** Material provided **
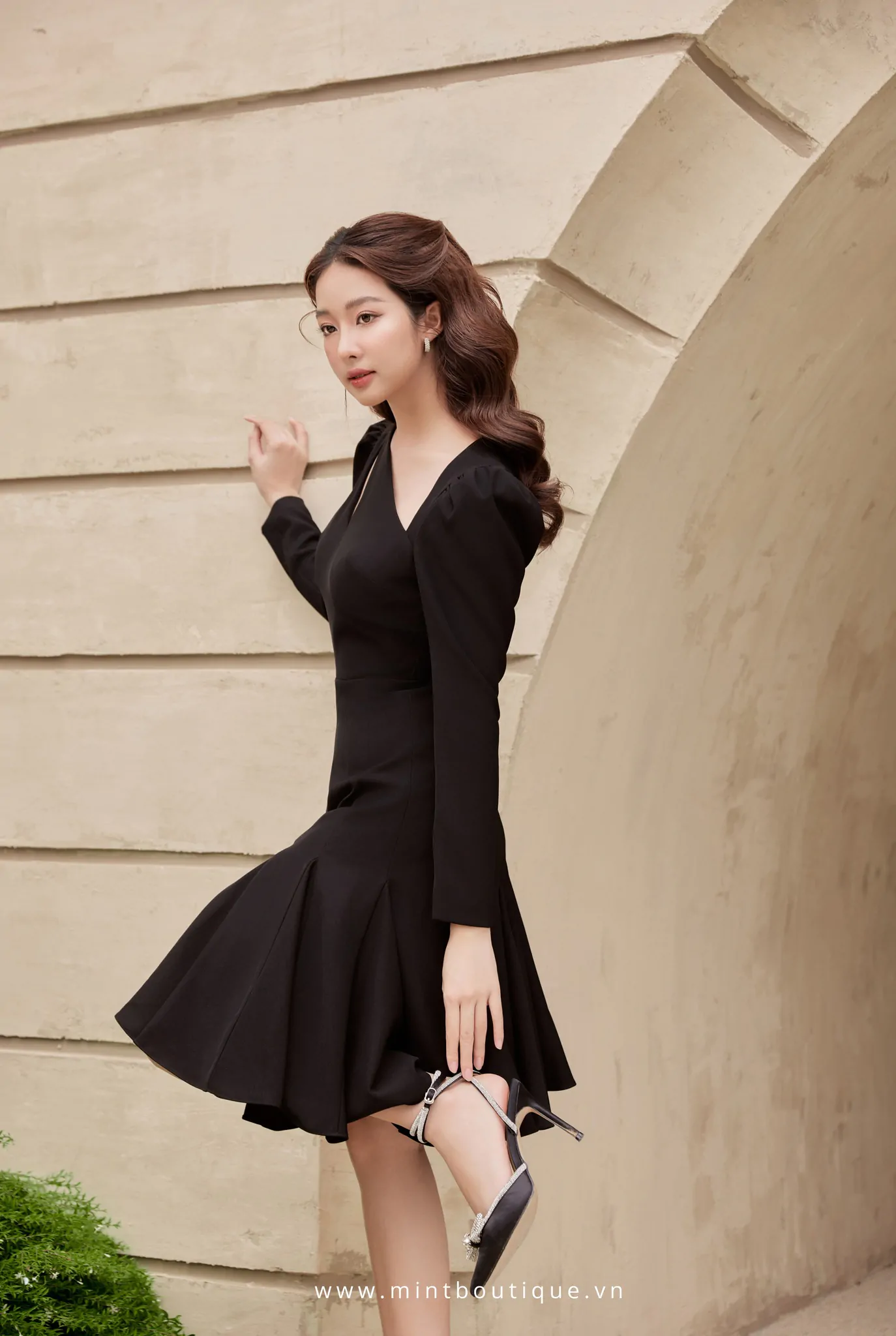 Váy liền midi thô đen chéo vai tùng tam giác tay dài - Image 4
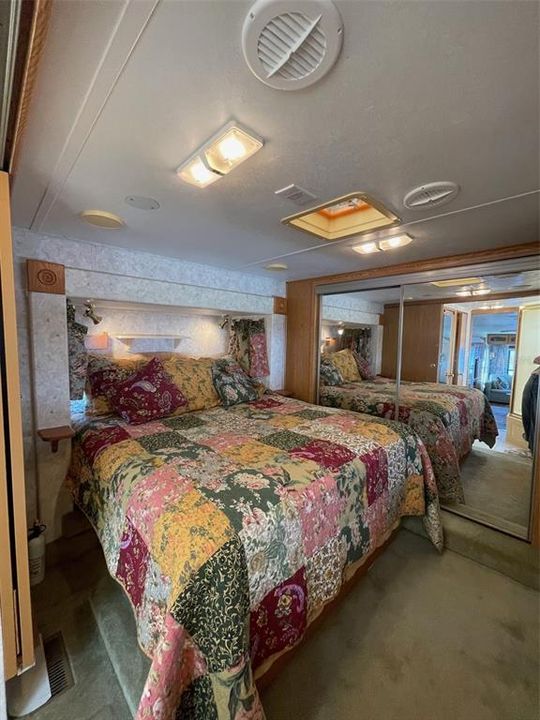 For Sale: $64,500 (1 beds, 1 baths, 338 Square Feet)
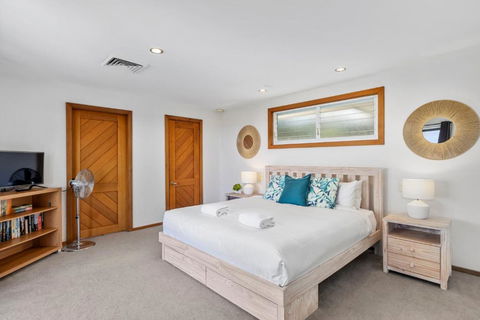 Zaffiro Beach House - Yamba Accommodation 2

** Work request **
Beginning with the line that contains "For Sale: $64,500" and ending with the last line of the data, restate each line word for word. Exclude the pictures.

** Output **
 For Sale: $64,500 (1 beds, 1 baths, 338 Square Feet)
 Zaffiro Beach House - Yamba Accommodation 2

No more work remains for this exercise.